I have some Delta tables in our dev environment that started popping up with the following error today:

py4j.protocol.Py4JJavaError: An error occurred while calling o670.execute.
: org.apache.spark.SparkException: Job aborted due to stage failure: Task 104 in stage 1145.0 failed 4 times, most recent failure: Lost task 104.3 in stage 1145.0 (TID 2949) (10.111.21.215 executor 1): java.lang.IllegalStateException: Error reading streaming state file of HDFSStateStoreProvider[id = (op=0,part=104),dir = s3a://###################/offers-stage-1/checkpoints/offers-silver-stage1-pipeline/state/0/104]: s3a://###################/offers-stage-1/checkpoints/offers-silver-stage1-pipeline/state/0/104/1.delta does not exist. If the stream job is restarted with a new or updated state operation, please create a new checkpoint location or clear the existing checkpoint location.

These tables don't have an incredibly high write volume and just two weeks ago I ended up resetting the entire data lake in our dev/stage environment to deploy some new logic; which coincidentally corresponds to our current vacuum policy (i.e., 14 days).

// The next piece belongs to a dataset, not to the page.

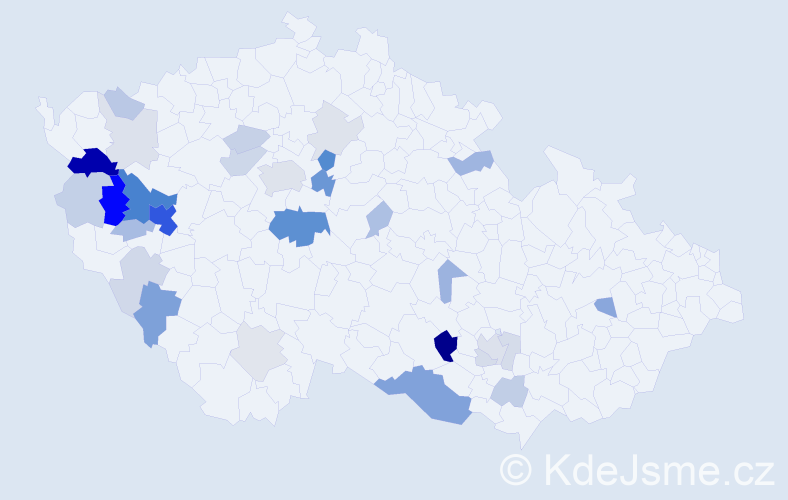 Příjmení: 'Čečil', počet výskytů 92 v celé ČR
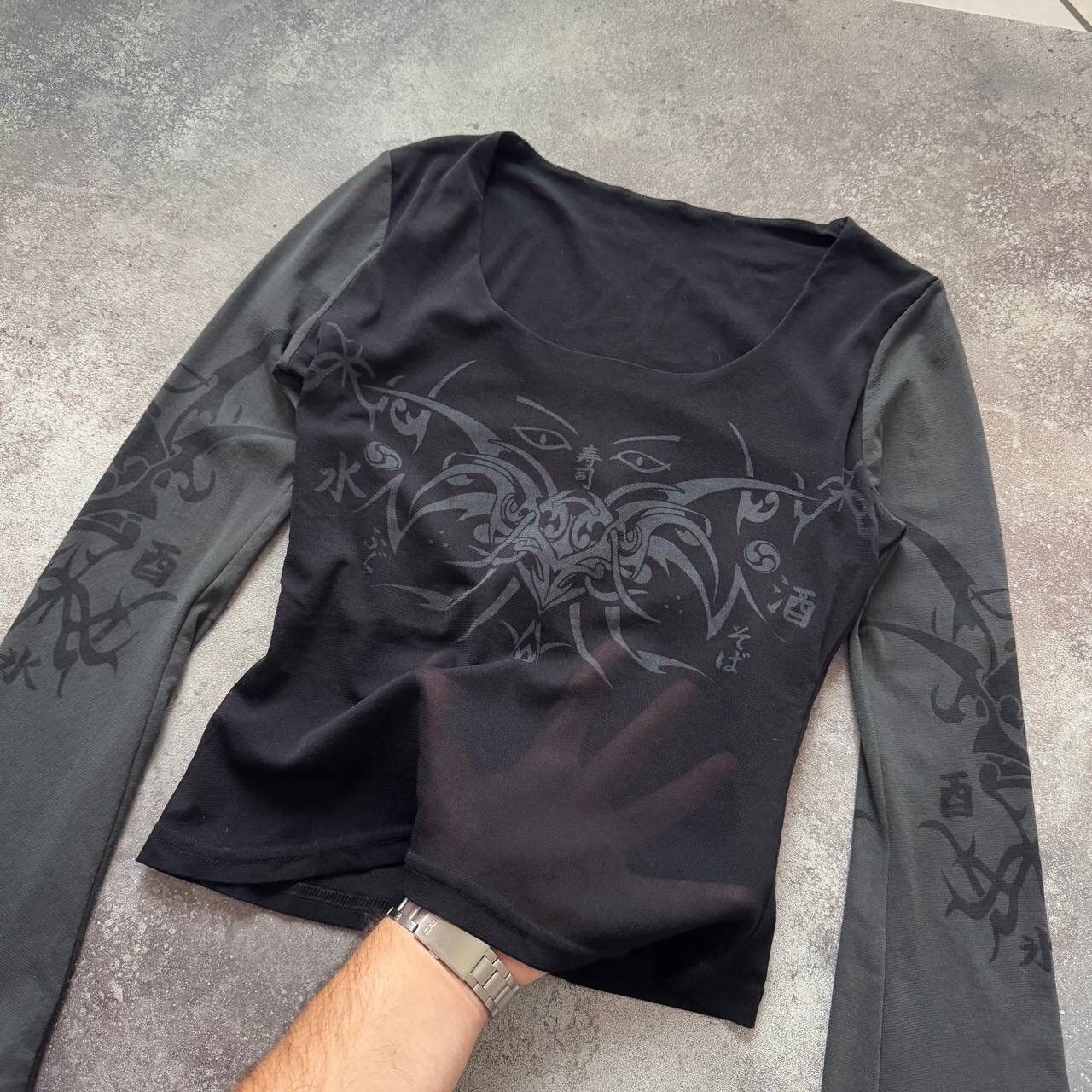 20471120 Y2K Tribal Vintage Avan-Garde Gothic Mesh Long Sleeve Top Size M / US 6-8 / IT 42-44 - 3 Thumbnail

This feels like less than a coincidence.

Is there a known issue with using vacuum on tables without a high write volume?

JordanYaker · ‎06-05-2023

@Kaniz Fatma

The file is indeed gone. Our permissions have not changed and everything is appropriate.
The checkpoint locations have not changed and are still accessible with the proper permissions as I mentioned in item 1.
Clearing the existing checkpoint locations is the only thing that works. This is not an acceptable long-term strategy however, because that means each of these pipelines will need to be re-processed and I'll be forever chasing my tail and deleting checkpoints with issues.
I'm already managing the checkpoint locations manually in S3.
I haven't manipulated the state provider configuration. It's all the default values.